PROBLEM DESCRIPTION> Your task is to copy the lines of the data below from the line holding "Crispy Oyster with Salt & Pepper" through the line holding "Certified 2025 Chevrolet", inclusive, exactly and with nothing added.

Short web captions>
● ● ●
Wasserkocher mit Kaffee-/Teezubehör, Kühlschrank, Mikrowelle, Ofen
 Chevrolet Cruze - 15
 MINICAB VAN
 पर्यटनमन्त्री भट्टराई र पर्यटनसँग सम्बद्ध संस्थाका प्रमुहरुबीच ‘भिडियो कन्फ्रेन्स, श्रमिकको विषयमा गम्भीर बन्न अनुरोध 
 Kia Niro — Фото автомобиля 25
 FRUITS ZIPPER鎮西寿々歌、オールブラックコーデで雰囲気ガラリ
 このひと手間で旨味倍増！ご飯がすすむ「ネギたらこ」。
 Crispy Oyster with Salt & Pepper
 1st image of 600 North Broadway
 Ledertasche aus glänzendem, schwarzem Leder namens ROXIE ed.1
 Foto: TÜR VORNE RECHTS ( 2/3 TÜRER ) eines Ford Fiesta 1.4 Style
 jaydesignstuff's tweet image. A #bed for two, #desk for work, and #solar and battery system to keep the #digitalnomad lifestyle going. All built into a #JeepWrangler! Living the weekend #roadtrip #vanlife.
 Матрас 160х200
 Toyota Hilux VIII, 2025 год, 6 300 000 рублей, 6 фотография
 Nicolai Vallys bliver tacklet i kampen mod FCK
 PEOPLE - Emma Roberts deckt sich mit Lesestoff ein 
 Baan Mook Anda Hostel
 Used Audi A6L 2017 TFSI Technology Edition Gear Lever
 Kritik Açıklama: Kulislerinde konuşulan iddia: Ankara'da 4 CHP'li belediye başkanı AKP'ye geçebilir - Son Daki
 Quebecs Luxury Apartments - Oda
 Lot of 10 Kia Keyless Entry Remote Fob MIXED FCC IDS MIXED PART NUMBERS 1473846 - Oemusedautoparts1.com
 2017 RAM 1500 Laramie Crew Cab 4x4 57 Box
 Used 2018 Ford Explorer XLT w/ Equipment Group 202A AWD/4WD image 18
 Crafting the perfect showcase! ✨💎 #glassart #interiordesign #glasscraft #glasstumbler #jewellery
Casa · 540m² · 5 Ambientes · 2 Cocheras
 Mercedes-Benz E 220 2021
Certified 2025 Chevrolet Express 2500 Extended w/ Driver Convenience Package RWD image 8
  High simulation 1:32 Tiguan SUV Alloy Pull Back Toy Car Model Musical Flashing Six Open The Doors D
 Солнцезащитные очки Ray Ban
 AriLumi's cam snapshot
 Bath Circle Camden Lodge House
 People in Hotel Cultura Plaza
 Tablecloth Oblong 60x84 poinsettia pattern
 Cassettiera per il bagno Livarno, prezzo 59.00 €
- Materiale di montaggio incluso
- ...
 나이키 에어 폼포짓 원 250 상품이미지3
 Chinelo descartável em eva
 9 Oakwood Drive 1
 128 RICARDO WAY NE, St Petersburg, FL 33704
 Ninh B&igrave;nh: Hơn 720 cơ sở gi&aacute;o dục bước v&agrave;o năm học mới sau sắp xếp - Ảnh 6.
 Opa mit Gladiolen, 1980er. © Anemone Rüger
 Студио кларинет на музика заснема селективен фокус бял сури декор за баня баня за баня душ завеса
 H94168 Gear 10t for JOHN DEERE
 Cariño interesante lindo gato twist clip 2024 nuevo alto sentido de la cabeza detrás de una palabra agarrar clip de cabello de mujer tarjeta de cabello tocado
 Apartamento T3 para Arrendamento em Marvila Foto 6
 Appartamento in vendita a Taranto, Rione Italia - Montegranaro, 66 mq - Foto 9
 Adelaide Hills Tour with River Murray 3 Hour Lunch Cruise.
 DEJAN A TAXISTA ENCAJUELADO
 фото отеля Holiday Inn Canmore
● ● ●
EXERCISE OUTPUT>
 Crispy Oyster with Salt & Pepper
 1st image of 600 North Broadway
 Ledertasche aus glänzendem, schwarzem Leder namens ROXIE ed.1
 Foto: TÜR VORNE RECHTS ( 2/3 TÜRER ) eines Ford Fiesta 1.4 Style
 jaydesignstuff's tweet image. A #bed for two, #desk for work, and #solar and battery system to keep the #digitalnomad lifestyle going. All built into a #JeepWrangler! Living the weekend #roadtrip #vanlife.
 Матрас 160х200
 Toyota Hilux VIII, 2025 год, 6 300 000 рублей, 6 фотография
 Nicolai Vallys bliver tacklet i kampen mod FCK
 PEOPLE - Emma Roberts deckt sich mit Lesestoff ein 
 Baan Mook Anda Hostel
 Used Audi A6L 2017 TFSI Technology Edition Gear Lever
 Kritik Açıklama: Kulislerinde konuşulan iddia: Ankara'da 4 CHP'li belediye başkanı AKP'ye geçebilir - Son Daki
 Quebecs Luxury Apartments - Oda
 Lot of 10 Kia Keyless Entry Remote Fob MIXED FCC IDS MIXED PART NUMBERS 1473846 - Oemusedautoparts1.com
 2017 RAM 1500 Laramie Crew Cab 4x4 57 Box
 Used 2018 Ford Explorer XLT w/ Equipment Group 202A AWD/4WD image 18
 Crafting the perfect showcase! ✨💎 #glassart #interiordesign #glasscraft #glasstumbler #jewellery
Casa · 540m² · 5 Ambientes · 2 Cocheras
 Mercedes-Benz E 220 2021
Certified 2025 Chevrolet Express 2500 Extended w/ Driver Convenience Package RWD image 8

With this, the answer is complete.